There is a stuffit 5.5 on macgarden that comes with an installer.

That statement after I already linked to disk images suggests you don't understand what a task it is to get archiving software onto a mac that doesn't already have archiving software.

It's not possible to just download a bare executable like you could with a PKZip self-extractor because of Apple's decision to make resource forks intrinsic to how the process of executing a binary works back before TCP/IP and HTTP became an obvious necessity to support. (A .sea self-extracting archive that has lost its resource fork is an ordinary .sit file but that's not a problem with AppleShare, because it knows how to serve up files with intact resource forks.)

They need to be wrapped in something like StuffIt, MacBinary, BinHex, etc. to pack the data and resource fork into a single data-fork-only file before being put on a server or they'll be destroyed and that means that, if it's not an existing copy of StuffIt doing the unpacking, then it has to be something like the web browser or the FTP client. (and StuffIt is more proprietary and closed-source than RAR, so that's why MacBinary and BinHex existed to be integrated into tools and you find stuff from Apple coming as .smi.bin files where SMI stands for "self-mounting disk image"... the disk image version of a self-extractor and the precursor to a .dmg file.)

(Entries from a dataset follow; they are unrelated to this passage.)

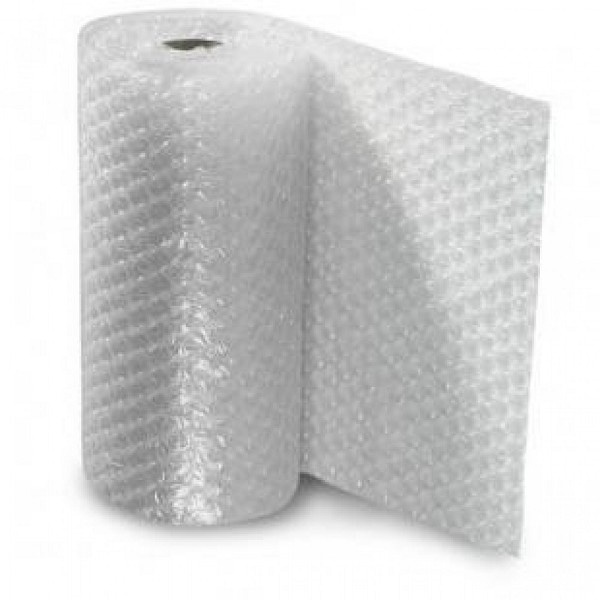 Plastico Bolha 1,00x100m 0,025 (rolo) 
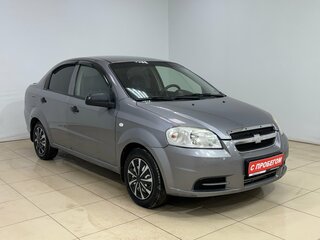 2011 Chevrolet Aveo I Рестайлинг, серый, 400000 рублей, вид 3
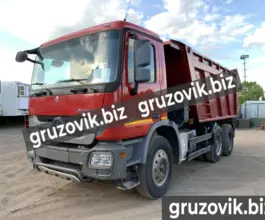 Самосвал Самосвал  Mercedes-Benz Actros 2012 года б/у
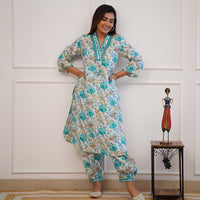 Afghani Kurti Pant set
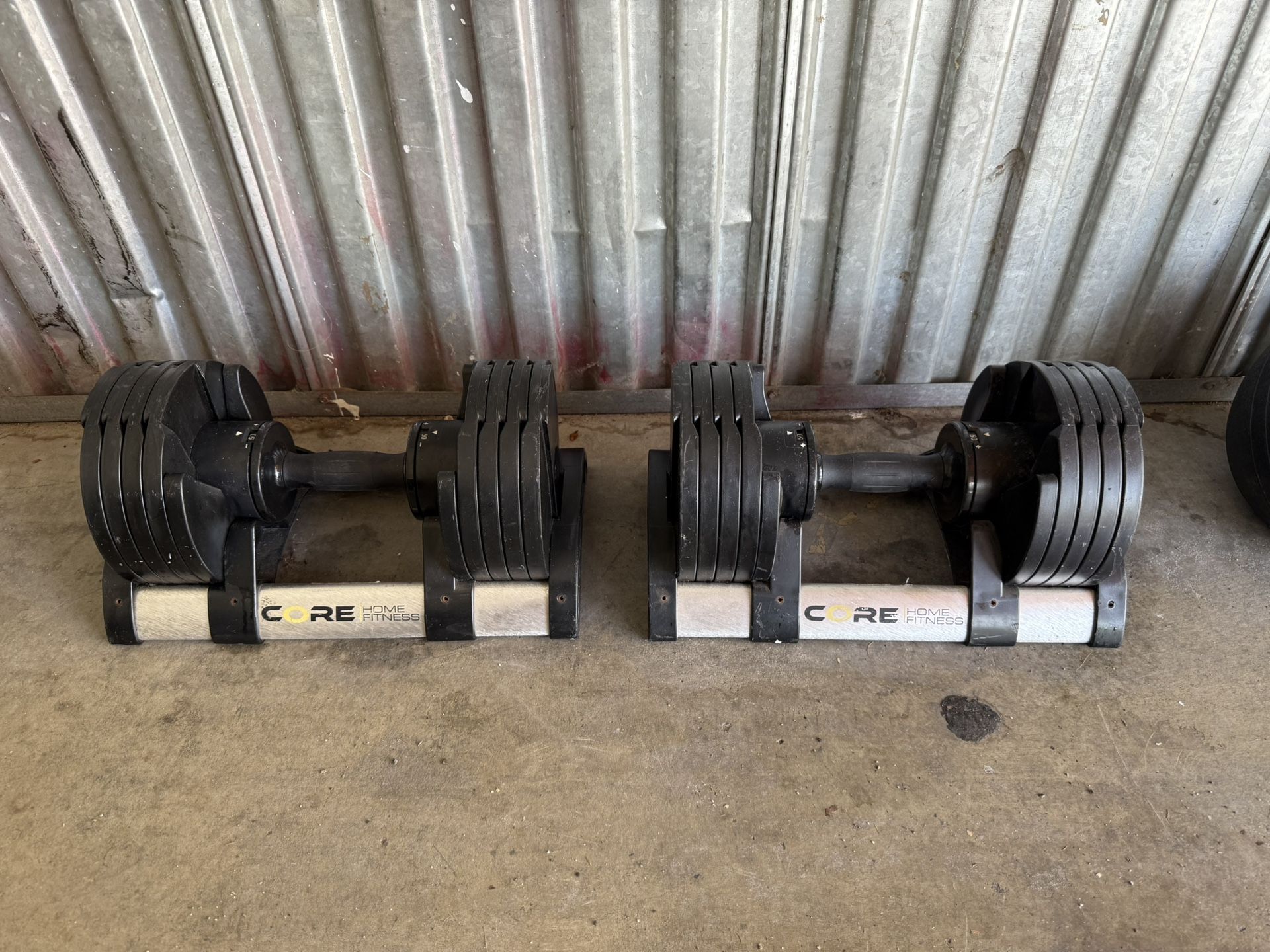 Core Adjustable Dumbbell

Yes, Macintosh Garden does have an additional copy in MacBinary format, but I don't remember 7.6 coming with a MacBinary unpacker. Those usually were included on the mac flavour of those "get started" floppy disks your ISP would send you that also included a TCP/IP stack, PPP/SLIP dialler, and web browser back before Microsoft got all antitrust-y and baked Internet Explorer and all support components into the OS. (Remember Trumpet WinSock?)

(Basically, at the same time that Microsoft baked Internet Explorer into Windows in response to skyrocketing interest in the Internet, Apple came out with the iMac (Internet Mac), which had Mac OS 8 preinstalling a copy of StuffIt Expander and that finally addressed the problem.)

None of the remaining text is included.